To the sandlot...and beyond!
I'm not sure what brings me more joy than to know that young boys are out there having fun playing baseball. I prefer sandlot ball, without adult supervision, where boys learn to cooperate, take turns, and work out the rules of fairness. They learn to think: the rules of baseball are designed to make sense, in a spirit of cooperation. If you don't know the rules, you can usually figure them out, and get a consensus based on an internal logic. And if you have to adjust them, it's for the better.
Hitting a ball over the fence is a home run. But the rules could have just as easily have evolved to turn the home run into an out - forcing the game to stay within its boundaries.
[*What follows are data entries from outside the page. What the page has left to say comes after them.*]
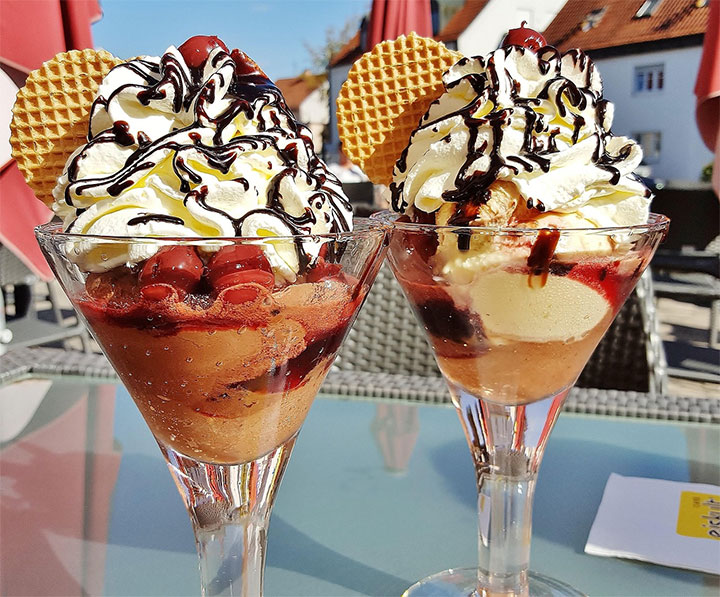 Delicious desserts in tall glasses, topped with whipped cream and a cherry.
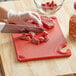 A person cutting meat on a San Jamar red cutting board.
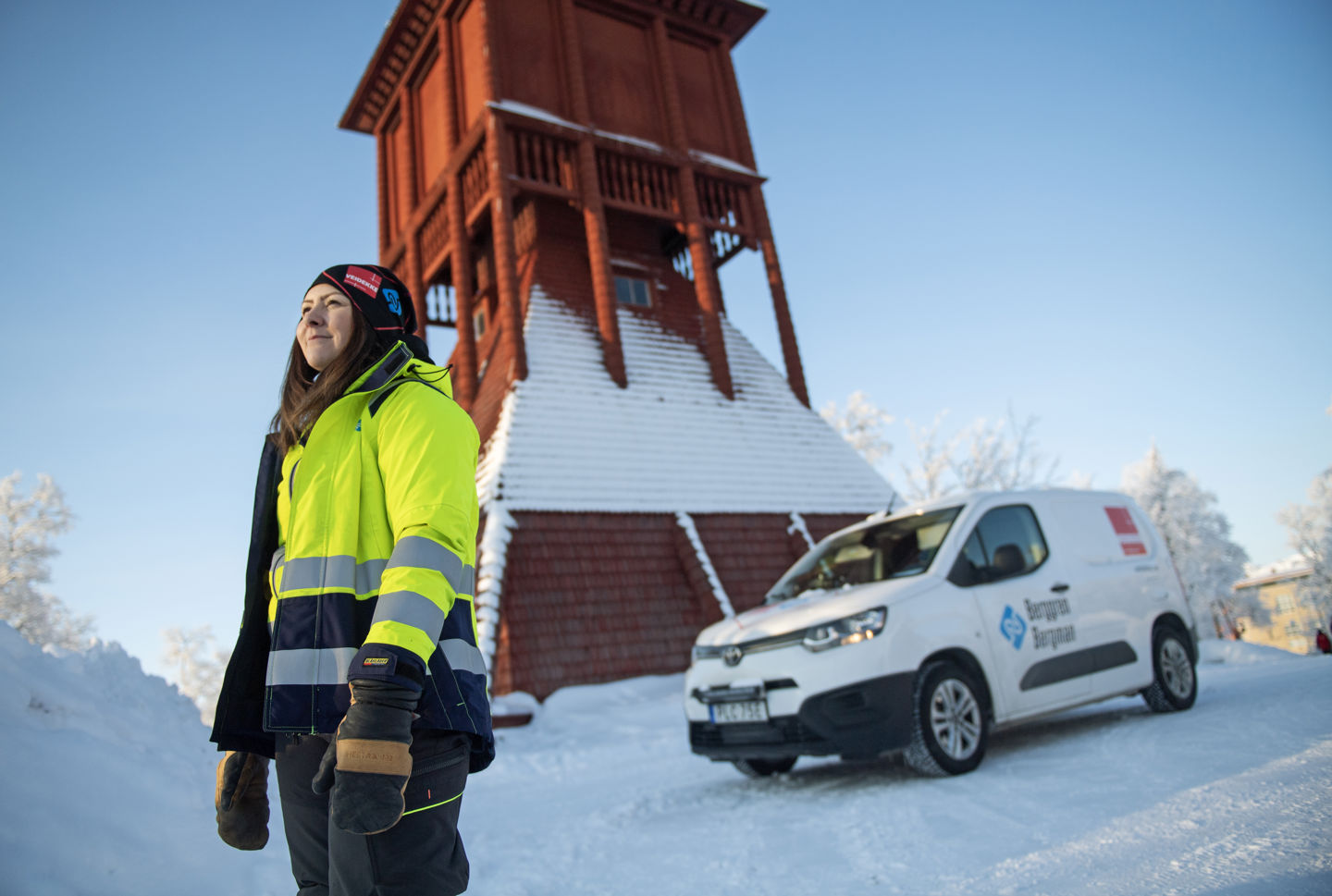 Rött kyrktorn i trä med snö på. Framför står Malin Bergman i varselkläder bredvid en vit skåpbil. 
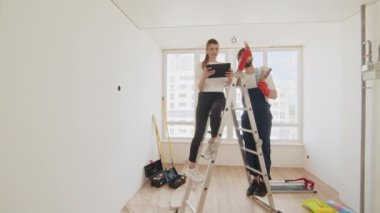 Çift tablet bilgisayarda apartman yenileme planını tartışıyor. Genç çift evde renk paleti ve mobilya seçiyor. Ev, taşınma, dekorasyon, yenileme ve duvar boyama konsepti.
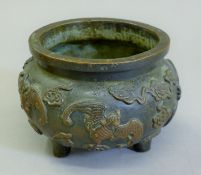 A Chinese bronze censer decorated with bats. 12.5 cm diameter.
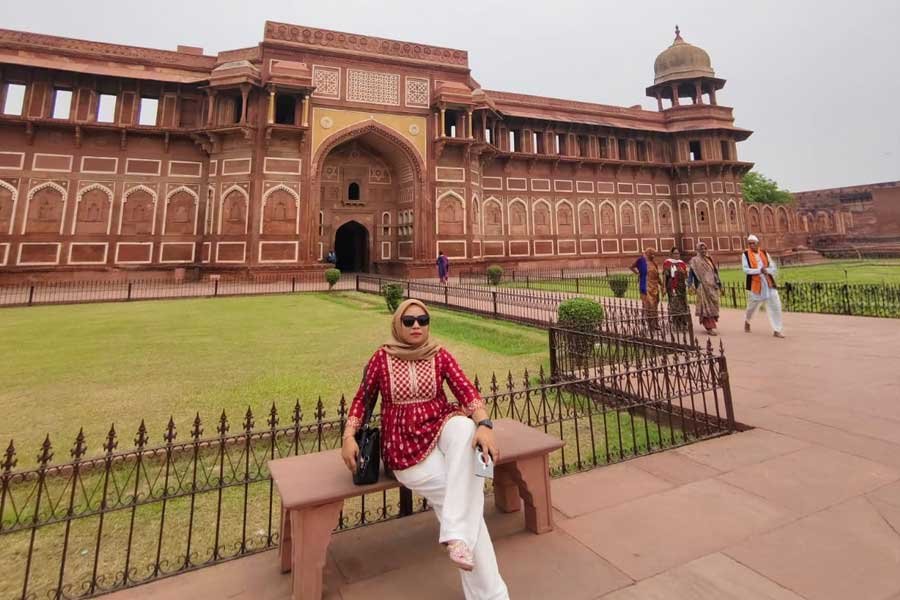 A girl sitting in front of the historic Agra Fort, surrounded by beautiful Mughal architecture and gardens.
But it's a home run, because the kids, both true kids and the kids in all of us, the same kids who dreamed of flying a rocket ship to the moon, wanted it that way. In other sports, you must stay within the boundaries or you are punished.
In the paragraph above, you may notice I adjusted the subject from "boys" to "kids". I do not mean to dismiss girls, but I think boys are getting pushed aside too much these days. The young boys of today are being forced to pay the penalty for past generations. It's not fair to them. The sandlots of old had a saying: "You throw like a girl." This meant "you aren't capable of playing at our level. Better up your game." Believe me, if a girl could play at the level the game was being played at, she could fight her way in.
In baseball, there are the boundaries. Gravity does exist. The earth is our home. We travel beyond it unprepared and we die. Boundaries are meant to be obeyed, But, in cases of self fulfillment, or self improvement, we are meant to be people who aspire to break them. And thus, the pitcher can throw the ball as hard as he can, but it must be within the strike zone. The batter can hit the ball as hard and as far as he can, but it must stay fair.
Proper education consists of plenty of recess, with unstructured time for children to play the participation games we pass down to them. And if some kids prefer to play apart, and develop the games of the future, based on individual achievement, God bless them as well.
And God bless baseball.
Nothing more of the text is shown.